Tariffe, Prodi fa promesse a buon mercato

L’Enel dovrebbe cedere quote in Italia per sfidare i colossi europei. E Rai «potenziata» con meno pubblicità

Gian Maria De Francesco

da Roma

«Nel programma dell’Unione assurdità non ce ne sono e io ne sono il garante». In tono assertorio martedì scorso Romano Prodi ha ribadito l’inequivocità del programma di governo dell’Unione. Le 281 pagine, partorite dopo lunga gestazione dai responsabili degli undici partiti che compongono il centrosinistra, dovrebbero appunto proporre l’agenda della coalizione una volta diventata forza di governo. Il condizionale, tuttavia, è d’obbligo. Emergono, infatti, alcune contraddizioni su alcuni temi rilevanti di politica estera come il ritiro delle truppe italiane dall’Irak e di politica economica come la liberalizzazione dei servizi professionali, il ruolo dell’Enel e quello della Rai.
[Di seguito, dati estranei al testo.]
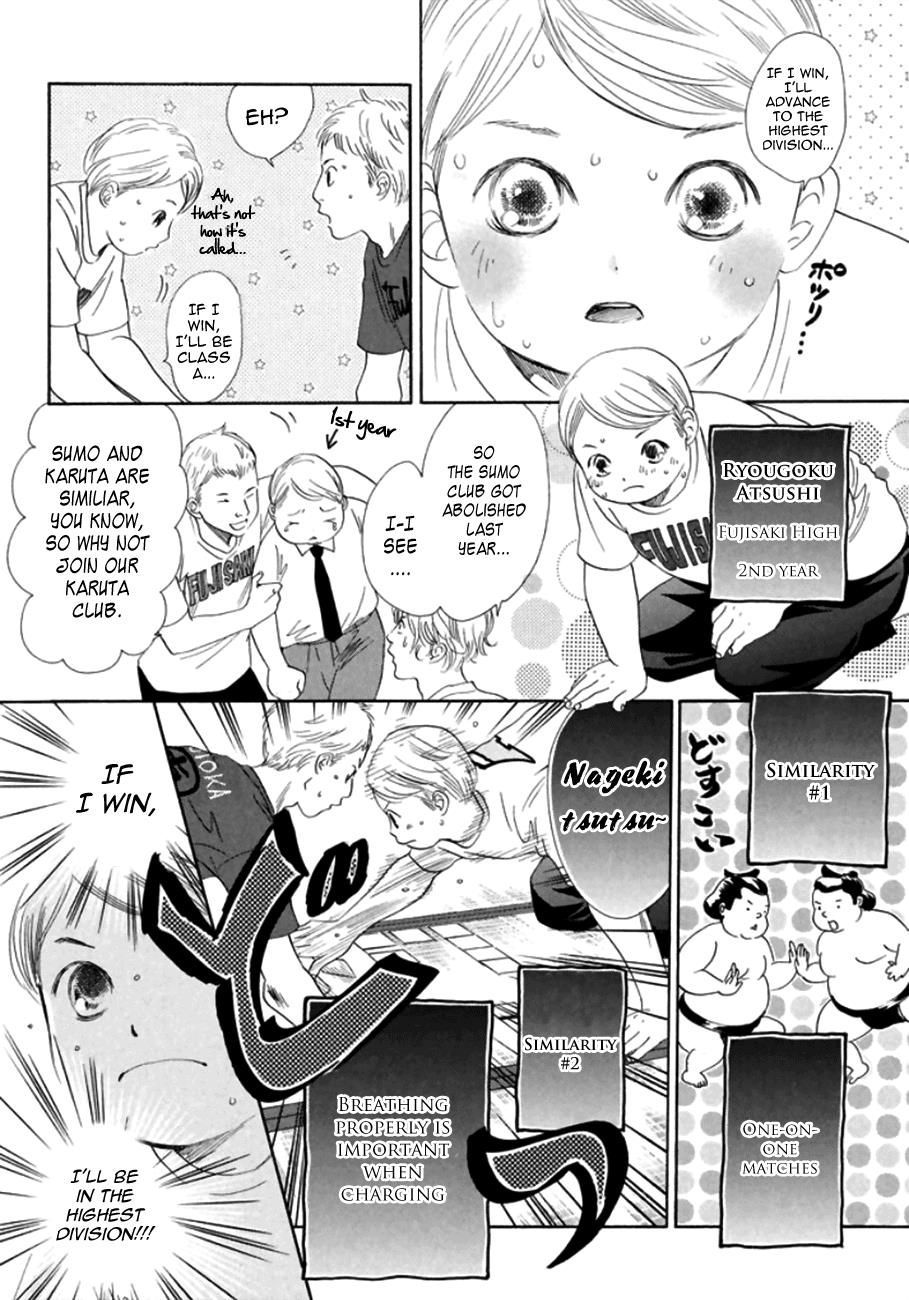 Read Chihayafuru ENGLISH Manga Online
L’appello lanciato su Repubblica dal governatore del Friuli Riccardo Illy («Caro Romano, il tuo programma va preso e rifatto») rischia di non rimanere un caso isolato.
Irak. «Se vinceremo le elezioni, immediatamente proporremo al Parlamento italiano il conseguente rientro dei nostri soldati nei tempi tecnicamente necessari, definendone, anche in consultazione con le autorità irachene, le modalità affinché le condizioni di sicurezza siano garantite», recita il programma a pagina 102. È la contraddizione più nota alle cronache e anche la più stridente, come sottolineato da Piero Ostellino sul Corriere della Sera. Il ritiro sarà, infatti, proposto «immediatamente», ma si rispetteranno i «tempi tecnicamente necessari». I leader dell’Unione che hanno firmato sono soddisfatti. Come garantire l’operazione italiana di peacekeeping e preparare il ritorno del contingente è un altro discorso.
Servizi professionali. «Abolire le tariffe minime tranne casi limitati alle attività riservate». Il programma dell’Unione a pagina 131 sembra chiaro in tema di liberalizzazione dei servizi professionali. Si vogliono prestazioni migliori? Allora niente blocco dei prezzi tranne che per le attività riservate. Ma quali sono le attività riservate? Generalmente sono le professioni intellettuali regolate dall’articolo 2229 del codice civile come quella di avvocato, commercialista, ingegnere, eccetera. La liberalizzazione, quindi, è solo teorica.
Enel, nano o gigante? Come negli altri due esempi anche in queste poche righe ci si trova di fronte a un paradosso. «Crediamo che l’Enel debba cedere all’asta capacità di generazione per eliminare l’eccesso di potere di mercato che tuttora detiene. (...) Per altro verso, riteniamo che i vecchi “campioni nazionali” dell’energia abbiano la capacità di crescere come “campioni europei”». La presa di posizione sull’azienda energetica a pagina 142 del programma fa sorgere un dubbio. Come può una società elettrica che perde ricavi sicuri tra le mura domestiche crescere a casa di colossi come la francese Edf o la tedesca E.On? Lo stesso si può dire per Eni, stretta da un programma che privilegia gas e fonti rinnovabili da un lato, mentre dall’altro si sostiene la necessità che la proprietà delle reti resti pubblica.
Rai a doppia velocità. «La Rai dovrà conservare ma anche rafforzare e migliorare la sua attività di servizio pubblico, nei contenuti editoriali e culturali, nell’informazione e nella qualità della programmazione». A pagina 265 si prefigurano le magnifiche sorti e progressive di Viale Mazzini e «per realizzare questo obiettivo attueremo inoltre una politica volta a cancellare le distorsioni del mercato pubblicitario». Una Rai potenziata e più pubblica inserita in un mercato pubblicitario dove non reciterà più un ruolo leader insieme a Mediaset? L’equazione potrebbe tornare solo con un aumento del canone.
Banca-impresa. Dopo Bancopoli la parola d’ordine è moralità e trasparenza. «Noi crediamo che per limitare il conflitto di interessi derivante dall’intreccio proprietario, debbano essere sottoposti a rigorosi limiti quantitativi i finanziamenti che una banca può erogare a un azionista con una partecipazione superiore all’uno per cento». A pagina 124, però, si sottolinea come «necessaria una politica per il rafforzamento della cooperazione tra piccole imprese e banche locali». Se l’impresa e la banca sono piccole, cooperare va bene. Se il grande o medio industriale è azionista di minoranza, il credito deve trovarlo da un’altra parte.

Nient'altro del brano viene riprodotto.